Il est également impossible de faire des farces téléphoniques au Président russe. Ce qui n'est pas le cas de certains de ses homologues étrangers.

Fin 2005, une radio espagnole avait organisé un «prank» pour le Président bolivien élu Evo Morales – le farceur s'était fait passer pour le premier ministre espagnol José Luis Rodriguez Zapatero pour le féliciter après sa victoire à l'élection.

En 2008, deux comiques canadiens ont fait une farce à la candidate à la vice-présidence américaine du parti républicain Sarah Palin: l'un d'eux s'est présenté comme le Président français Nicolas Sarkozy et avait parlé du programme de campagne des républicains, ainsi que de «son» épouse Carla Bruni.
Le Président russe ne risque rien de tel, car le ministère des Affaires étrangères et l'administration du Kremlin filtrent efficacement les appels destinés au Président, explique Vladimir Chevtchenko.

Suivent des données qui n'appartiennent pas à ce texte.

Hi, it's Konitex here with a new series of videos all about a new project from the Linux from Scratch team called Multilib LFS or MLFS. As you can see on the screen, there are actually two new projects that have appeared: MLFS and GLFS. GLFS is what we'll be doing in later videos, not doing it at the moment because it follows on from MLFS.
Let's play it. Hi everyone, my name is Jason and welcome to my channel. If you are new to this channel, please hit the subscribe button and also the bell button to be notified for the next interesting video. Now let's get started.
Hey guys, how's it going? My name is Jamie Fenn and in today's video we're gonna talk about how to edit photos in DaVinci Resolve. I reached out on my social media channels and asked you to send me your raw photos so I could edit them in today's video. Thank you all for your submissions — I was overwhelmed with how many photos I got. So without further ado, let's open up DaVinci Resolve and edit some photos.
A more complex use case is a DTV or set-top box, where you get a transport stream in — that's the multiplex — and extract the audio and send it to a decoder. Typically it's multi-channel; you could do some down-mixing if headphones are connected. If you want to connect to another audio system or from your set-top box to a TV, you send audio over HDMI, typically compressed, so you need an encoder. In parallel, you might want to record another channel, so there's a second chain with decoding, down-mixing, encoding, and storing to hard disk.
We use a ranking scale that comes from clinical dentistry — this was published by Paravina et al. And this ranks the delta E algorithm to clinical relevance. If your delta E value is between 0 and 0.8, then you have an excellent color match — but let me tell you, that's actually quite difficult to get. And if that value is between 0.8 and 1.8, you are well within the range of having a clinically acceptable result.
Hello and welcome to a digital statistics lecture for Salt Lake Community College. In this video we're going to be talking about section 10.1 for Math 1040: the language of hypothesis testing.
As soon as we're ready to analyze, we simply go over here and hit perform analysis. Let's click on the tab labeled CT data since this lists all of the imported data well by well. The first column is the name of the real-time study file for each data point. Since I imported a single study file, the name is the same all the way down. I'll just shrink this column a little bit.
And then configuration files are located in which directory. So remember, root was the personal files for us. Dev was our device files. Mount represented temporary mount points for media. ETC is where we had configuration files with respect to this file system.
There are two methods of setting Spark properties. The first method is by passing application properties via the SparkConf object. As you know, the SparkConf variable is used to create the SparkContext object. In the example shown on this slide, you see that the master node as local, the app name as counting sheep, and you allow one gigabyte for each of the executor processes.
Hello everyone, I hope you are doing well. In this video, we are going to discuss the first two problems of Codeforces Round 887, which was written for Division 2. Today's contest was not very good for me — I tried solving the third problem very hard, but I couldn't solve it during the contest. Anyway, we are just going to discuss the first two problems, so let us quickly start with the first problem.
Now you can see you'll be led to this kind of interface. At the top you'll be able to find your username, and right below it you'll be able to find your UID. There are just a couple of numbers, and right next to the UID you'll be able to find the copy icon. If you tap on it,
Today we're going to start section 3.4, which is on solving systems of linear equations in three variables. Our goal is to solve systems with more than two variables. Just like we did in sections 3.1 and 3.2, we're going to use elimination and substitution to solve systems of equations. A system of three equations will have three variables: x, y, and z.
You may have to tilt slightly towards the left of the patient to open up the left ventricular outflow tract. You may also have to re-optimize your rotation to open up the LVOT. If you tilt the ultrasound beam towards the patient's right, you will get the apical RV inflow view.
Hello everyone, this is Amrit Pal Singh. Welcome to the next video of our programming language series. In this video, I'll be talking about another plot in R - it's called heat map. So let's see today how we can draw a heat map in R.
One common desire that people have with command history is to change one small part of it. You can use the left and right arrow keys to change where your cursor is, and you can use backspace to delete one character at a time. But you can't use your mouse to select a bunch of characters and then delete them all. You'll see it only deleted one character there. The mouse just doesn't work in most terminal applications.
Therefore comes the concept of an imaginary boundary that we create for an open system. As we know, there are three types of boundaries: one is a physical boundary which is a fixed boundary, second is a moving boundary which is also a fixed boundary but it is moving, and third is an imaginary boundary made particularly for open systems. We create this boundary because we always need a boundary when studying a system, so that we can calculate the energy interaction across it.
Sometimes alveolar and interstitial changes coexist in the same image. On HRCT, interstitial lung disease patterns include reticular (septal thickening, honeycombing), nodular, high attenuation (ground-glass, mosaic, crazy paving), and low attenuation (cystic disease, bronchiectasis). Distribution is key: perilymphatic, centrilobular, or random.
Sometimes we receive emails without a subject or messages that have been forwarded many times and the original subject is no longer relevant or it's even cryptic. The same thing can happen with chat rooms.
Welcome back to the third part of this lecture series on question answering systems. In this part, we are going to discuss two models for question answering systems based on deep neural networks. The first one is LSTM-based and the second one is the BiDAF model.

En revanche, l'inverse - qu'un pranker décide d'imiter un appel depuis le Kremlin - est tout à fait possible.

Selon l'expert, la popularité de Vladimir Poutine dans le monde y contribue fortement.

C'est ce qu'ont fait deux farceurs Vovan (Vladimir Kouznetsov) et Lexus (Alexeï Stoliarov) en téléphonant au nom de Vladimir Poutine au chanteur britannique Elton John afin d'évoquer les problèmes de la communauté LGBT en Russie. Le chef de l'État russe a dû présenter en personne des excuses pour la farce des deux comiques, en téléphonant cette fois lui-même au chanteur.

Vovan et Lexus avaient également réussi à faire marcher le Président turc Recep Tayyip Erdogan et le Président biélorusse Alexandre Loukachenko.
Les farceurs Vladimir Kouznetsov (Vovan) et Alexeï Stoliarov (Lexus).
© Photo de la communauté officielle de Vladimir Kouznetsov sur le réseau social VKontakte
S'il est encore possible de se prémunir contre les farces des prankers, ce n'est pas le cas quand il s'agit de sa propre famille. En 2008, la reine Elizabeth II a été victime d'une farce de ses propres petits-fils William et Harry, qui ont enregistré sur le répondeur de la reine un message très amusant:

«Salut, c'est Liz, je ne suis pas là pour le moment. Pour joindre Philippe (époux de la reine) tapez 1, pour joindre Charles (son fils aîné) tapez 2, si vous désirez parler aux corgis tapez 3.»

Les corgis sont les chiens préférés de la reine.